Interview Insight: “Can you explain why Elasticsearch is faster than traditional SQL databases for text search?” The answer lies in the inverted index structure - instead of scanning entire documents, Elasticsearch directly maps search terms to relevant documents.

Text vs Keyword: Understanding Field Types

The distinction between Text and Keyword fields is crucial for proper data modeling and search behavior.

Text Fields

Text fields are analyzed - they go through tokenization, normalization, and other transformations:

{
  "mappings": {
    "properties": {
      "product_description": {
        "type": "text",
        "analyzer": "standard",
        "fields": {
          "keyword": {
            "type": "keyword",
            "ignore_above": 256
          }
        }
      }
    }
  }
}

Analysis Process for Text Fields:

Tokenization: “iPhone 13 Pro Max” → [“iPhone”, “13”, “Pro”, “Max”]
Lowercase Filter: [“iphone”, “13”, “pro”, “max”]
Stop Words Removal: (if configured)
Stemming: (if configured) [“iphon”, “13”, “pro”, “max”]

Keyword Fields

Keyword fields are stored as-is, without analysis:

{
  "mappings": {
    "properties": {
      "product_id": {
        "type": "keyword"
      },
      "category": {
        "type": "keyword",
        "fields": {
          "text": {
            "type": "text"
          }
        }
      }
    }
  }
}

Use Cases Comparison

Scenario	Text Field	Keyword Field
Full-text search	✅ “search iPhone” matches “iPhone 13”	❌ Exact match only
Aggregations	❌ Analyzed terms cause issues	✅ Perfect for grouping
Sorting	❌ Unreliable due to analysis	✅ Lexicographic sorting
Exact matching	❌ “iPhone-13” ≠ “iPhone 13”	✅ “iPhone-13” = “iPhone-13”

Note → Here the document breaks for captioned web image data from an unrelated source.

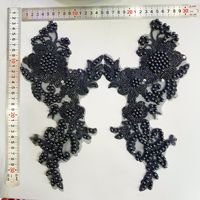Nouvelle broderie tendance, patch à paillettes pour robe de mariée, applique de broderie, vêtements de soirée, patch en strass LSEP968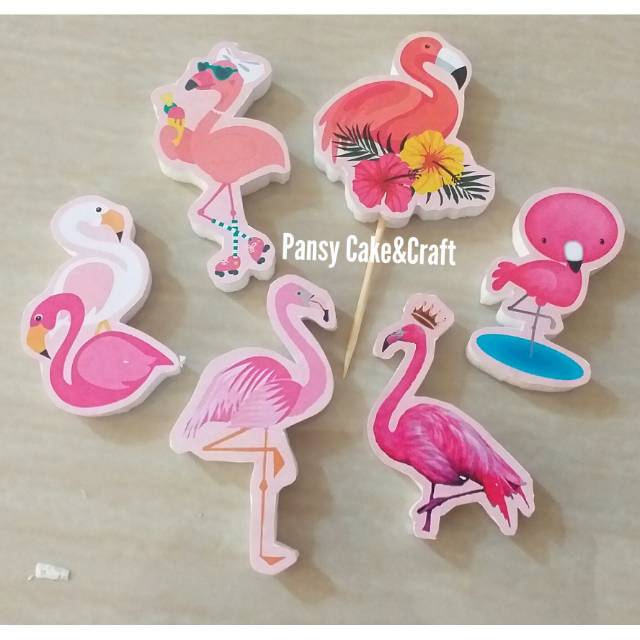 Cupcake topper Flamingo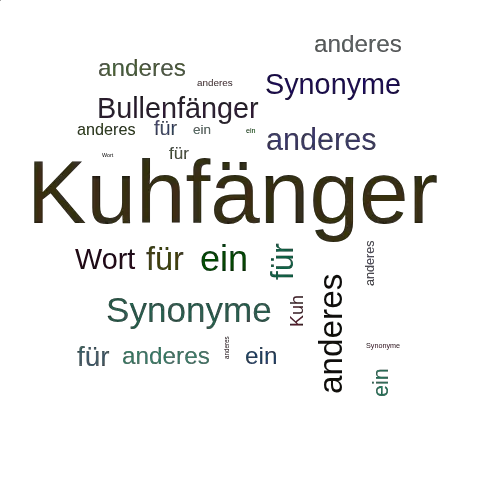 Ein anderes Wort für Kuhfänger - Synonym Kuhfänger
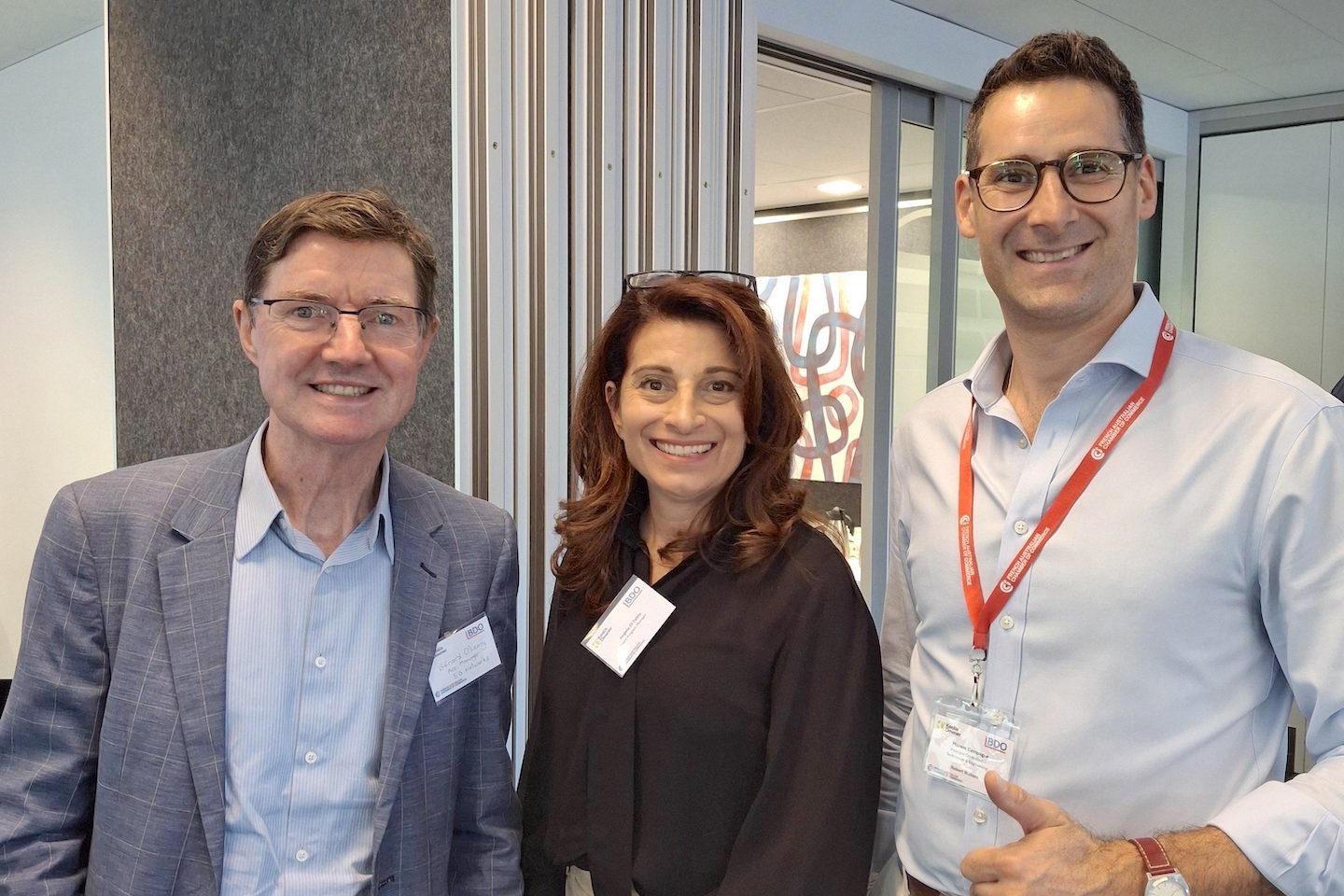 Gerard O’Leary, Angela Di Fabio and Florent Campagne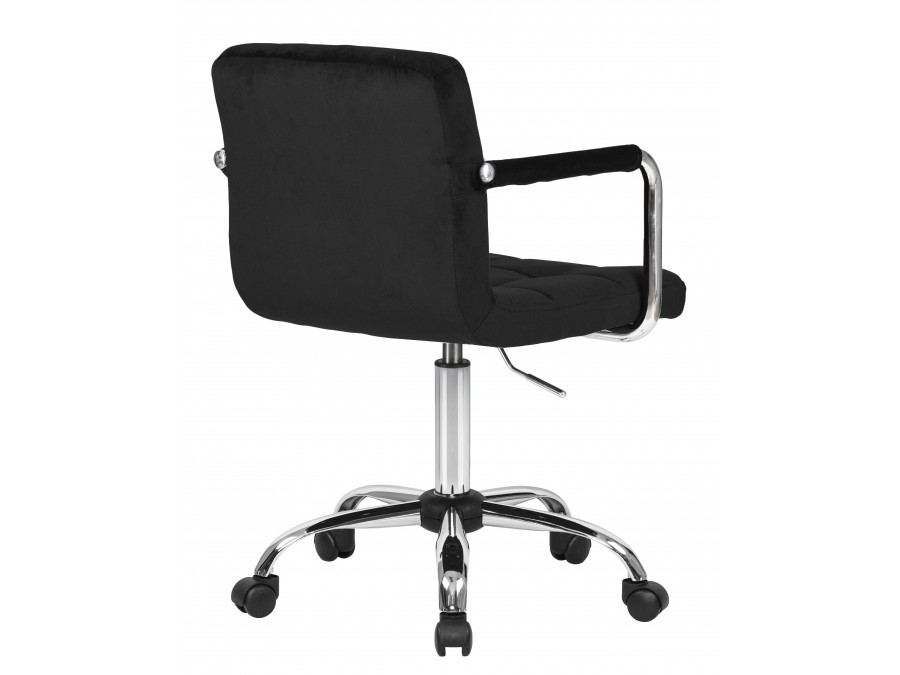 Офисное кресло для персонала DOBRIN TERRY, черный велюр (MJ9-101)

Interview Insight: “When would you use multi-fields?” Multi-fields allow the same data to be indexed in multiple ways - as both text (for search) and keyword (for aggregations and sorting).

Posting Lists, Trie Trees, and FST

Posting Lists

Posting lists are the core data structure that stores document IDs for each term. Elasticsearch optimizes these lists using several techniques:

Delta Compression: Instead of storing absolute document IDs, store differences:

1 2	Original: [1, 5, 8, 12, 15] Compressed: [1, +4, +3, +4, +3]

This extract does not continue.